A vast majority of the world's myths and religions prescribe to the idea of a Divine Child who might be a god, demi-god, hero or savior come to change the world (the triumph of good versus evil). The Child is most often not conceived naturally. The Divine Mother has an encounter with a ruling deity or pure spirit and gives birth (again most often not naturally) to the god-like child, often of royal lineage. 
Fascinatingly, there are a horrendous amount of such births in the world's cultural collectives (a terrific number in Indian myths alone). I am going mention those I know, if you know more, then I'd love to hear about them.

1. Jesus Christ - Son of God, virgin birth to the Virgin Mary. (Christian)

2. Horus - son of the Sun God, divine child born to the virgin goddess Isis. (Ancient Egypt)

3. Krishna - Reincarnation of God Vishnu born to the royals Vasudeva and Devaki in prison. Secreted out of prison in the middle of the night and raised by cowherds Nanda and Yashoda. When he came of age, he went back to free his parents and assassinate his evil uncle, Kamsa, who had his parents imprisoned. (Hinduism)

4. Greek mythology is full of strange births from the Titan Cronus, to his son, Zeus, to Zeus' offspring Athena, Perseus, Dionysus, Heracles (Hercules), Helen of Troy etc.
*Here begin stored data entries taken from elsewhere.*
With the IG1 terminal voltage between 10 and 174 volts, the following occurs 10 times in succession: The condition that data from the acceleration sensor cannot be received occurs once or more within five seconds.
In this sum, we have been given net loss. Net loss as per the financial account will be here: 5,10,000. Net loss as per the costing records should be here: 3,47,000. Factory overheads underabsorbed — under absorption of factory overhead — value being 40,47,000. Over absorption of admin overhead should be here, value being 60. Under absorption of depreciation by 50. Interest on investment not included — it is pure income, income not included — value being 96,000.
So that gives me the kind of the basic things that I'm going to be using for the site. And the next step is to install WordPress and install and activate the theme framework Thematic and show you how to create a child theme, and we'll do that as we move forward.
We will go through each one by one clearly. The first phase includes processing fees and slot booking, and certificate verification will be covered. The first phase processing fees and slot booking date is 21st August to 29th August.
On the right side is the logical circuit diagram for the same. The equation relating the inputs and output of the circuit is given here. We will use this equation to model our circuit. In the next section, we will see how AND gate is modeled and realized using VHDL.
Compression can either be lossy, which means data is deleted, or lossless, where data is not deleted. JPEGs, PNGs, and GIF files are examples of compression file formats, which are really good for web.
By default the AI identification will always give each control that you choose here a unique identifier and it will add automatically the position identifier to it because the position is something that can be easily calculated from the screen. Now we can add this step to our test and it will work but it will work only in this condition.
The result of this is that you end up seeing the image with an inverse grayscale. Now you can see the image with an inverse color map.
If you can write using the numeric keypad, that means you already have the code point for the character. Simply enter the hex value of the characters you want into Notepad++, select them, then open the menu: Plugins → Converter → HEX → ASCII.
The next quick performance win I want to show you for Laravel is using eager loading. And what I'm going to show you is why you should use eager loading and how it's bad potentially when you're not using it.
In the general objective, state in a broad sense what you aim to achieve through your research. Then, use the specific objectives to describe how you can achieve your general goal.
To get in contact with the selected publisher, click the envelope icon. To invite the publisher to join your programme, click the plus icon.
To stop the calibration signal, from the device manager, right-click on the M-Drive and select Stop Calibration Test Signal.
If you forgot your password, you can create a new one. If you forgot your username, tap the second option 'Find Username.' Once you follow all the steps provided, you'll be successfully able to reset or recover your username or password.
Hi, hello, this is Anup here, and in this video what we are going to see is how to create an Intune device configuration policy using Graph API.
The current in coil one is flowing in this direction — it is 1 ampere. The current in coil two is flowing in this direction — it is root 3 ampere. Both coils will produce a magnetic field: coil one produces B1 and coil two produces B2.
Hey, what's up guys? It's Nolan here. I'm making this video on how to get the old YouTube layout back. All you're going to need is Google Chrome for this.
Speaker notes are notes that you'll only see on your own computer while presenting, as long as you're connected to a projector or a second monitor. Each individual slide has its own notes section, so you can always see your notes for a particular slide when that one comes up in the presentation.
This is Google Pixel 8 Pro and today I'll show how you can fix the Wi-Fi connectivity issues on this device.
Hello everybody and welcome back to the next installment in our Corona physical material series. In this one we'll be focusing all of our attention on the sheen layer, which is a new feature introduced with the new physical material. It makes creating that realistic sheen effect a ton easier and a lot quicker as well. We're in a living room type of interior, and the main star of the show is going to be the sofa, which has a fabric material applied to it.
5. Romulus and Remus - Vestal Virgin, Rhea Silvia gets impregnated either by the God Mars or Hercules and births the twins. Her evil brother, King Amulius, orders their drowning in the twins in the river Tiber. The twins survive somehow, and are found and adopted by a she-wolf. She nurses them as babes. A woodpecker feeds them as they grow older and they are finally adopted by a shepherd. They grow up, kill their uncle, restore Numitor, the rightful king-uncle to the throne, become heroes and found Rome.

6. The Indian Epic, the Mahabharata, has a countless number of such births. It is supposedly an accounting of the ancient kings of India. 
Kunti's offspring. Kunti is a key figure in the epic, the mother of the heroes. Mother too, of one tragic hero, her first-born, Karna. She was given a boon from the Sage Durvasa, a boon to be used after marriage as it summoned Gods from the Hindu pantheon to impregnate her. She foolishly chanted the mantra as a young girl and accidentally summons the Sun God, Surya. He impregnates her and she gives birth to Karna, through her ear, as she must remain a virgin to be wed honorably. She abandons the child in the river.
The second, their and fourth times she summons Gods, its within the sanctions of her marriage and on behest of her husband, the weak and impotent, King Pandu who has abdicated the throne.
She gives birth to Yudhishtira by Yama, the God of Death. Bhima by Vayu, the God of Wind and Arjuna by Indra, the God of War and Thunder. Her husband's second wife begs for children and using the mantra gives birth to Nakul and Sahadeva, twins by the twin gods, the Ashwins.

The rival Kuru family could not remain ordinary in such circumstances. Thus Queen Gandhari after a two-year pregnancy gives birth to a lump of clay, which is then on the advice of sages and gods, separated into 101 lumps of clay and left to gestate in bowls or vases. They grow into the 100 Kaurava brothers and their only sister.

The five demi-god Pandava brothers, all marry the princess of Panchal, Draupadi, who emerged fully formed from a fire with her twin brother, Dhrishtadyumna. 

Okay, I'm tired of writing as I'm sure you guys are fed up of reading what is essentially the same concept over and over. There's an interesting version of why such myths exist that has to do with our spiritual and psychological evolution or awakening or rebirth or recreation, our Kundalini energy. But I won't go into that just yet.